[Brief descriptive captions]
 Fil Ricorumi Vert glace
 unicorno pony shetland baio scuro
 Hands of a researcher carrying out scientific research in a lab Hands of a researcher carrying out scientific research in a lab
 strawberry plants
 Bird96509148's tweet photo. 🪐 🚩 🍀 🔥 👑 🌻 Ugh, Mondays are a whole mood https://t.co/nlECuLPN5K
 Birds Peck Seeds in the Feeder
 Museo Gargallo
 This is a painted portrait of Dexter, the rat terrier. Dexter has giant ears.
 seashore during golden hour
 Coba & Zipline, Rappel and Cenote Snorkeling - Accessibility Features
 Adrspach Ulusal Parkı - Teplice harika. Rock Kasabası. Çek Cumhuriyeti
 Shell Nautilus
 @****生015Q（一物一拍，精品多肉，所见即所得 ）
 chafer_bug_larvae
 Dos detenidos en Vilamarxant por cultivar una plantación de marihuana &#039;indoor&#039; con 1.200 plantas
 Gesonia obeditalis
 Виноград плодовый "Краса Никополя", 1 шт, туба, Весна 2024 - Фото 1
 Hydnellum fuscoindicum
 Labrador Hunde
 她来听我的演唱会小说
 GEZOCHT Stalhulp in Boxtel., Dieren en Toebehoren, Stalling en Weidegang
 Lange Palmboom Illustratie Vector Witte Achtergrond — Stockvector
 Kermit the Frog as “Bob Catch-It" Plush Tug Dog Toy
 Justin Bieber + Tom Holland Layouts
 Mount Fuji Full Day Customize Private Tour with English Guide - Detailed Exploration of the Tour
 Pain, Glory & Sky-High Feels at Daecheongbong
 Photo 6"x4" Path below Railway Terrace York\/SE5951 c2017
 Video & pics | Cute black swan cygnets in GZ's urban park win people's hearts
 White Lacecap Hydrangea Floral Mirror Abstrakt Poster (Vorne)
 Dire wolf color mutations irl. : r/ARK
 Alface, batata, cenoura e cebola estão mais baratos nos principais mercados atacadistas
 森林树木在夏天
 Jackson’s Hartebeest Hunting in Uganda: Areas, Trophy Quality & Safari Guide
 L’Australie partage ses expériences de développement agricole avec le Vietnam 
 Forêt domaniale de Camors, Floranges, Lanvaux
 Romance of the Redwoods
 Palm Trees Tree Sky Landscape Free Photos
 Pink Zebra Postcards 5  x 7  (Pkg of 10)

■ **What is needed**
Give back each line above precisely as it stands.

■ **Final answer**
 Fil Ricorumi Vert glace
 unicorno pony shetland baio scuro
 Hands of a researcher carrying out scientific research in a lab Hands of a researcher carrying out scientific research in a lab
 strawberry plants
 Bird96509148's tweet photo. 🪐 🚩 🍀 🔥 👑 🌻 Ugh, Mondays are a whole mood https://t.co/nlECuLPN5K
 Birds Peck Seeds in the Feeder
 Museo Gargallo
 This is a painted portrait of Dexter, the rat terrier. Dexter has giant ears.
 seashore during golden hour
 Coba & Zipline, Rappel and Cenote Snorkeling - Accessibility Features
 Adrspach Ulusal Parkı - Teplice harika. Rock Kasabası. Çek Cumhuriyeti
 Shell Nautilus
 @****生015Q（一物一拍，精品多肉，所见即所得 ）
 chafer_bug_larvae
 Dos detenidos en Vilamarxant por cultivar una plantación de marihuana &#039;indoor&#039; con 1.200 plantas
 Gesonia obeditalis
 Виноград плодовый "Краса Никополя", 1 шт, туба, Весна 2024 - Фото 1
 Hydnellum fuscoindicum
 Labrador Hunde
 她来听我的演唱会小说
 GEZOCHT Stalhulp in Boxtel., Dieren en Toebehoren, Stalling en Weidegang
 Lange Palmboom Illustratie Vector Witte Achtergrond — Stockvector
 Kermit the Frog as “Bob Catch-It" Plush Tug Dog Toy
 Justin Bieber + Tom Holland Layouts
 Mount Fuji Full Day Customize Private Tour with English Guide - Detailed Exploration of the Tour
 Pain, Glory & Sky-High Feels at Daecheongbong
 Photo 6"x4" Path below Railway Terrace York\/SE5951 c2017
 Video & pics | Cute black swan cygnets in GZ's urban park win people's hearts
 White Lacecap Hydrangea Floral Mirror Abstrakt Poster (Vorne)
 Dire wolf color mutations irl. : r/ARK
 Alface, batata, cenoura e cebola estão mais baratos nos principais mercados atacadistas
 森林树木在夏天
 Jackson’s Hartebeest Hunting in Uganda: Areas, Trophy Quality & Safari Guide
 L’Australie partage ses expériences de développement agricole avec le Vietnam 
 Forêt domaniale de Camors, Floranges, Lanvaux
 Romance of the Redwoods
 Palm Trees Tree Sky Landscape Free Photos
 Pink Zebra Postcards 5  x 7  (Pkg of 10)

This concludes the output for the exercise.